EXCERPT 1.
WINNIPEG REVIEW
The Town that Drowned by Riel Nason
Posted: December 12, 2011
Reviewed by Victor Enns (Excerpted)
Goose Lane Editions is gaining a reputation for spotting good writers early, such as Winnipeg’s own Joan Thomas and her prize-winning debut Reading by Lightning. The Town that Drowned is Riel Nason’s debut novel, though she has had short stories published in prestigious national literary journals such as The Malahat Review, Grain and the Dalhousie Review. This is an impressive first novel.
Nason’s most compelling accomplishment is the realization of the characters and the relationship of brother and sister, the eccentric Percy Carson, described as being “nine years, two months three and a half-days old. Believe me that’s what he’d say if you asked him,” and his sister Ruby, who is doing the describing. She looks after her younger brother, and their relationship, built on love, is refreshing and distinctly different than the sibling rivalries in other Canadian books this fall such as The Sisters Brothers (deWitt) and Infrared (Huston). The danger for Nason is sentimentalism, love in literature seeming to attract cheese like a mousetrap.
The novel could be categorized as historical fiction, if your idea of history includes the 1960s. The narrative is a fictionalized account of the decision of the government of New Brunswick to construct a damn on the St. John’s River flooding several communities, including the one imagined for this novel. The descriptions of the impact of the flooding on the town are aided by Nason’s own experiences growing up in that very real drama.
The story is straight forward. Ruby falls through the ice while skating and has a vision of her town completely underwater, which turns prophetic when the government of New Brunswick decides to damn the St. John’s River and “drown” the community.

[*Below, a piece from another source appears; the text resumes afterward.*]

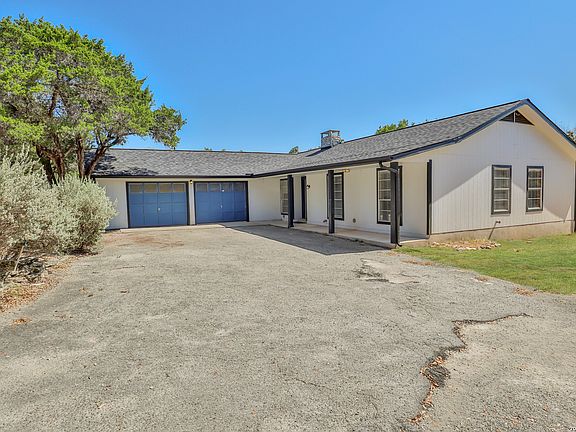3rd image of 1204 LAKESIDE DR W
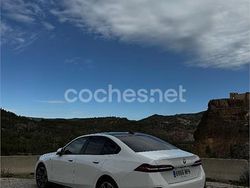Blanco Usado 2024 BMW 520 Comfort Edition Berlina | 52.000 € (Caro)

Ruby is ostracized for her vision and the peculiarities of her brother who shows some characteristics of OCD or autism; school is a hell of bullies for them both.
Ruby’s status as an outcast is cast out when her vision proves real and a stranger comes to town. The handsome teenage son of an antiques dealer who has come to pick the bones of the town falls for her, and takes her out. This relationship may remind readers of “My American Cousin” or their own summer romances. Surprised, the bullies are silenced and Ruby gains confidence.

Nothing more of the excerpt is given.